With her parents divorced and no other relatives to speak of, Nanami seeks the help of an online friend, the fixer Amuro (Go Ayano), who duly hires paid actors to play her family members at the wedding banquet. Almost as soon as she halts her feeble attempt at a teaching career to become a full-time housewife, however, Nanami is notified by the manipulative Amuro – now playing detective – that her husband has started an affair.

Once her marriage disintegrates, Nanami begins to take up odd jobs arranged by Amuro, subsequently befriending the eccentric Mashiro (singer-songwriter Cocco), with whom she moves into an unoccupied mansion as fellow housekeepers. Nanami and Mashiro’s mutual yearning to connect faintly echoes All About Lily Chou-Chou (2001), another cyberspace-originated drama by Iwai, and the pair’s relationship evolves in an unexpected direction.

Although the film largely derives its narrative momentum from Amuro’s multiple acts of fraud, credit is due to Iwai in that his story barely acknowledges Nanami’s probable sense of disillusionment, instead arriving at an unlikely state of bliss for its hopelessly romantic characters. It takes a considerably sophisticated filmmaker to find genuine rapport amid false fronts and elaborate role-playing.
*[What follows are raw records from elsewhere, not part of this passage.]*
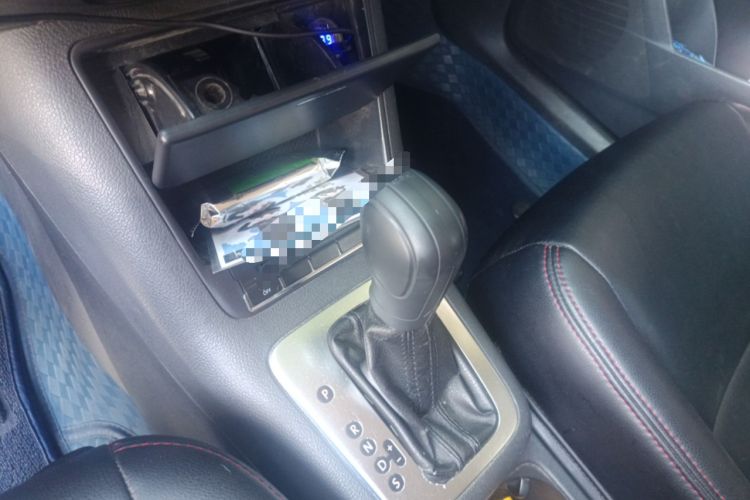 Used Volkswagen Tiguan 2012 1.8TSI Automatic Two-Wheel Drive Urban Edition Gear Lever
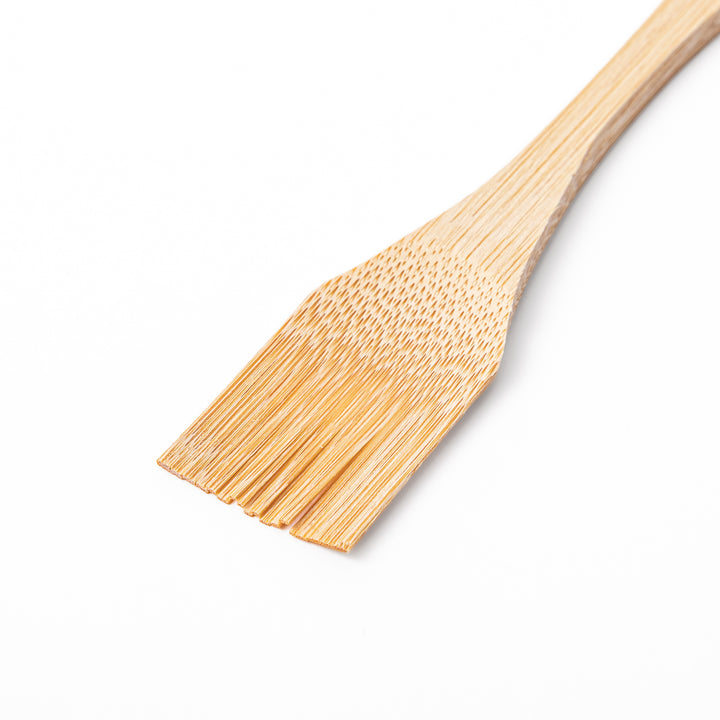 Japanese natural bamboo grater scraper brush tool with fine bristles for cleaning wasabi and ginger graters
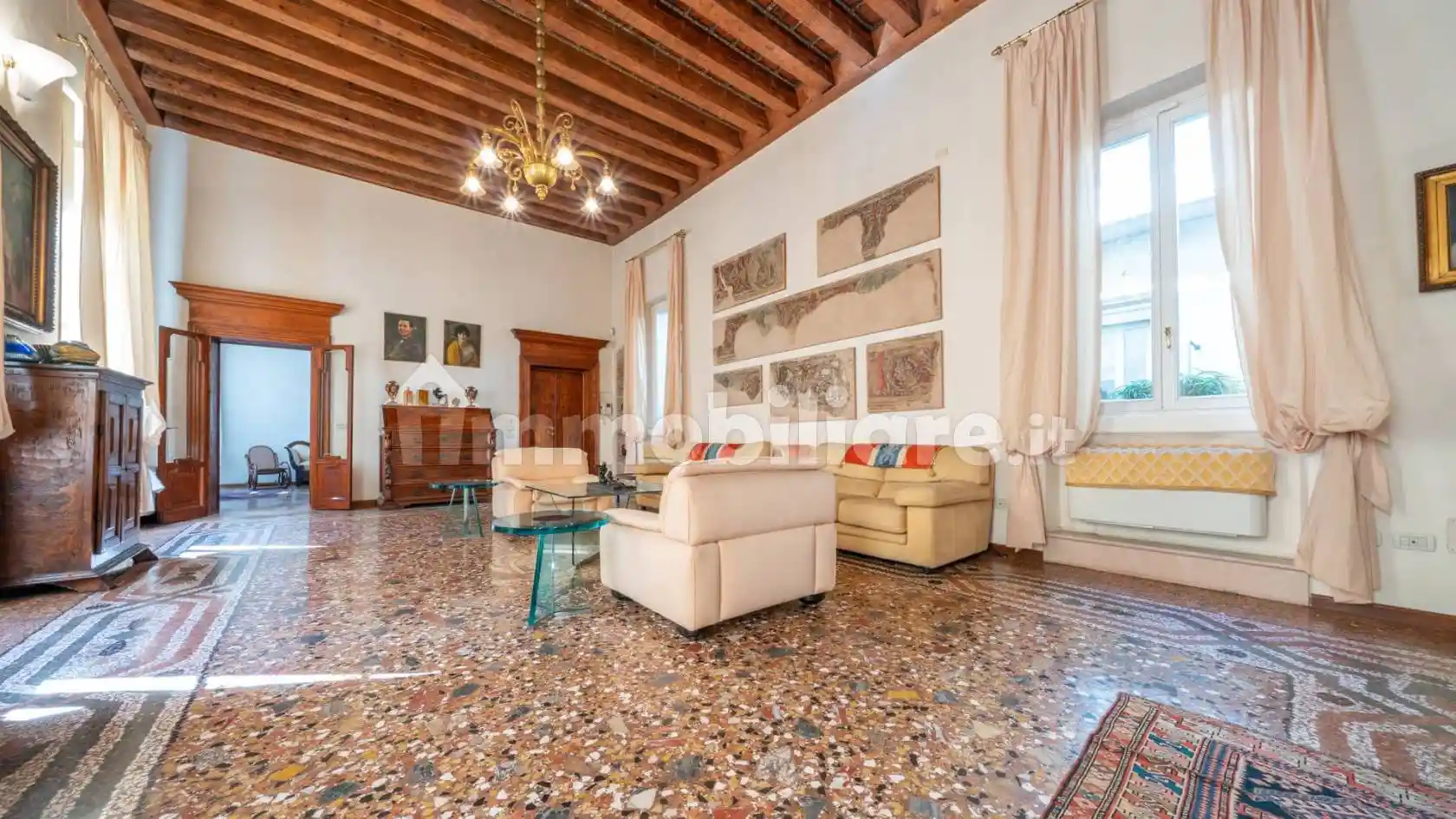 Appartamento via Leoncino 18, Centro Storico, Verona - foto 3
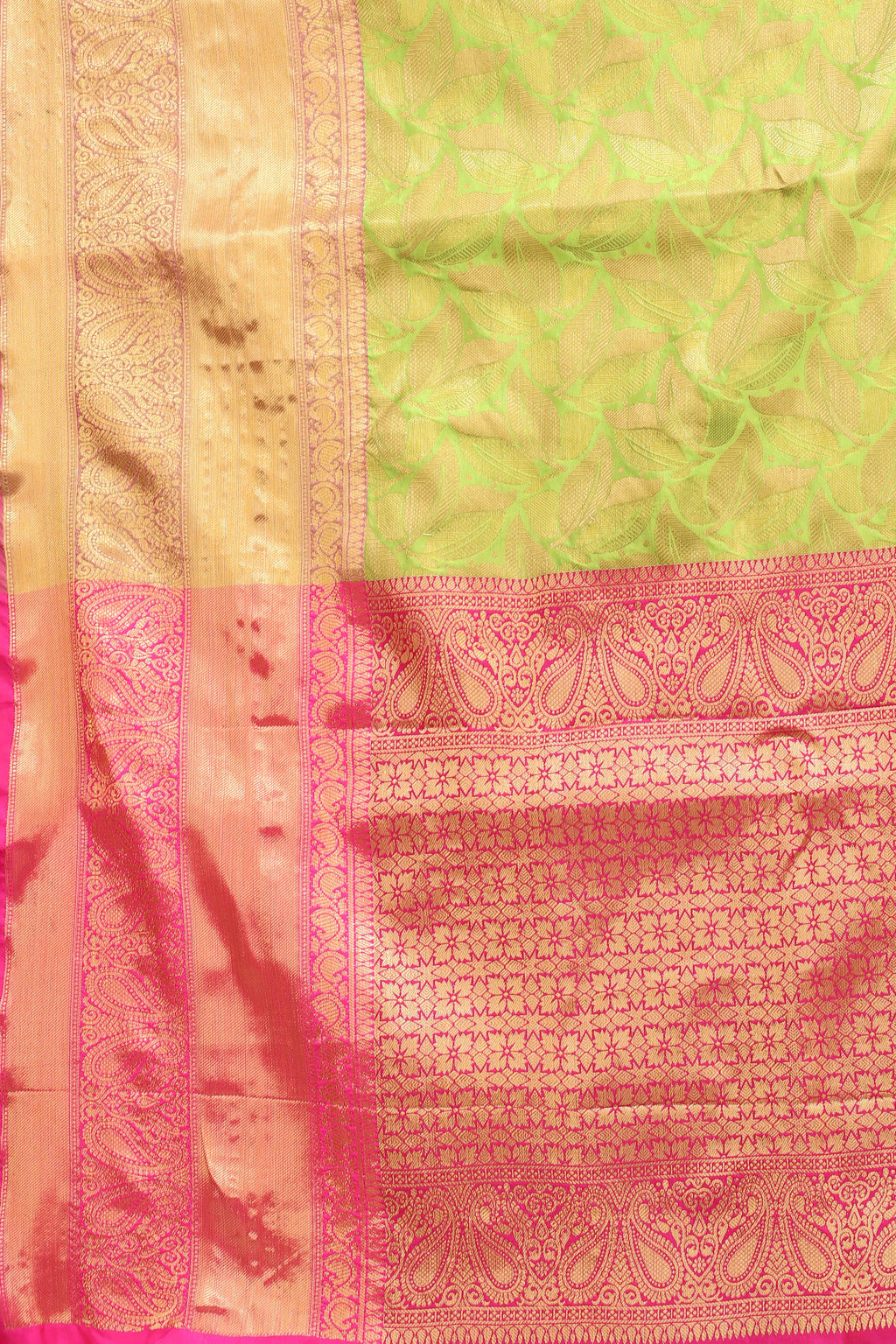Hiral Fashion Green Banarasi Art Silk Floral Woven Design Saree | Grocsy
A Bride for Rip Van Winkle is released in two versions in Hong Kong cinemas: a 179-minute “director’s cut” that preserves Iwai’s original vision, and a 119-minute cut that retains the basic narrative framework but leaves out much of the finer detail. For a film that’s less about the destination than the journey itself, serious movie-goers could do well to seek out Iwai’s unabridged account.